DAVID POGUE: Okay, so heat really is something. It’s energy, motion, and you can measure how much of it you have.
ERIC CORNELL: More and more heat, your temperature goes up.
DAVID POGUE: But cold is another story.
ED YARMAK: Because there’s no cold flow, there’s heat flow.
DAVID POGUE: Really.
ERIC CORNELL: If you take heat out, your temperature goes down.
DAVID POGUE: You mean, you don’t put cold in? No.
ED YARMAK: No. No. There’s really no such thing as “cold.”
DAVID POGUE: So cold is just the absence of heat? So things don’t ever really get colder.
ED YARMAK: No, they just get less hotter.
DAVID POGUE: Yeah, that has a great ring to it. “Making Stuff: Less Hotter.” That just seems backwards.
JOHN CASTELLANI: So, I have a spoon here for you.
DAVID POGUE: But Castellani showed me that how we think “cold” works.

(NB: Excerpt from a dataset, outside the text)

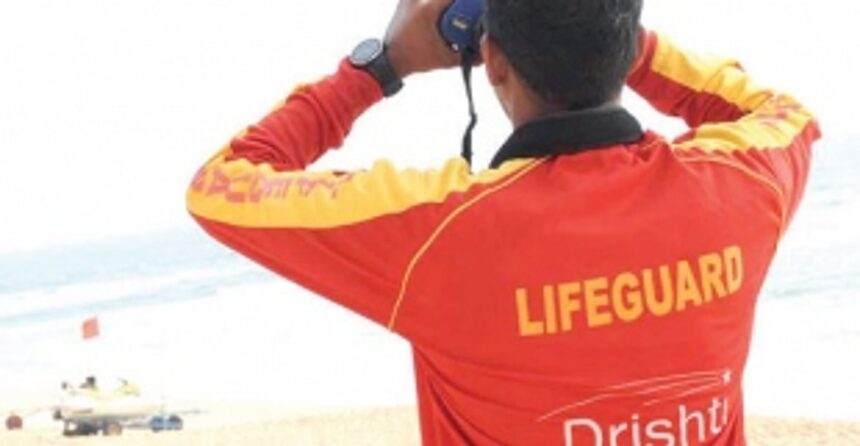 Over 150 lifeguards hold protests in Mapusa 1 Over 150 lifeguards hold protests in Mapusa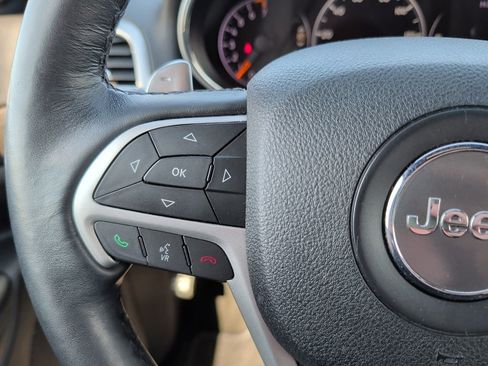 Used 2015 Jeep Grand Cherokee Altitude AWD/4WD image 22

Cold is just rushing right into my flesh.
…can really be the opposite of what’s happening.
JOHN CASTELLANI: Actually the heat from your hand is moving into the spoon, not the other way around. Heat moves from areas of hotter temperatures, or high energy, to areas of lower temperature, or low energy.
DAVID POGUE: You can see it through the eyes of this thermal camera, where warm things, like my hand, show up as light orange, and colder things like the spoon are dark.
And sure enough.
JOHN CASTELLANI: If you put the spoon up against your hand, we can see, heat’s going from your hand into the spoon.
DAVID POGUE: That’s crazy.
The reason I was getting so hot on my forced march was the air was hotter, at a higher energy state, than my skin. So, instead of the heat from my core flowing out to the room, the heat from the room flowed into my core.
The army has a cool solution.
JOHN CASTELLANI: So, David, this is how we’re going to cool you off. So what this is is a cooling garment. It’s essentially going to circulate water through here. We’re going to hook this up to a small refrigerator.
DAVID POGUE: Ooh! I just got chills.
JOHN CASTELLANI: …and keep it at about a nice, cool 70 degrees.
DAVID POGUE: I don’t know, but I’ve been told.
SOLDIERS: I don’t know, but I’ve been told.
DAVID POGUE: …hundred and four degrees gets old.
SOLDIERS: …hundred and four degrees gets old.
DAVID POGUE: Just like last time, my core temperature rises in the 104-degree environment. But this time, the heat’s got somewhere to go: into the vest, and out through the refrigeration unit.
JOHN CASTELLANI: A significant difference: 82 degrees Fahrenheit, compared to last time, when it was up around 95 or 96 degrees.
DAVID POGUE: A vest is best if it is cold.
SOLDIERS: A vest is best if it is cold.
JOHN CASTELLANI: He is feeling better. He seems in better spirits, and those are all the benefits that we see with this particular technology.
DAVID POGUE: An hour and a half later, as they remove my Kevlar vest, that dark blue area, that’s my chest: 78 degrees. Cool, baby.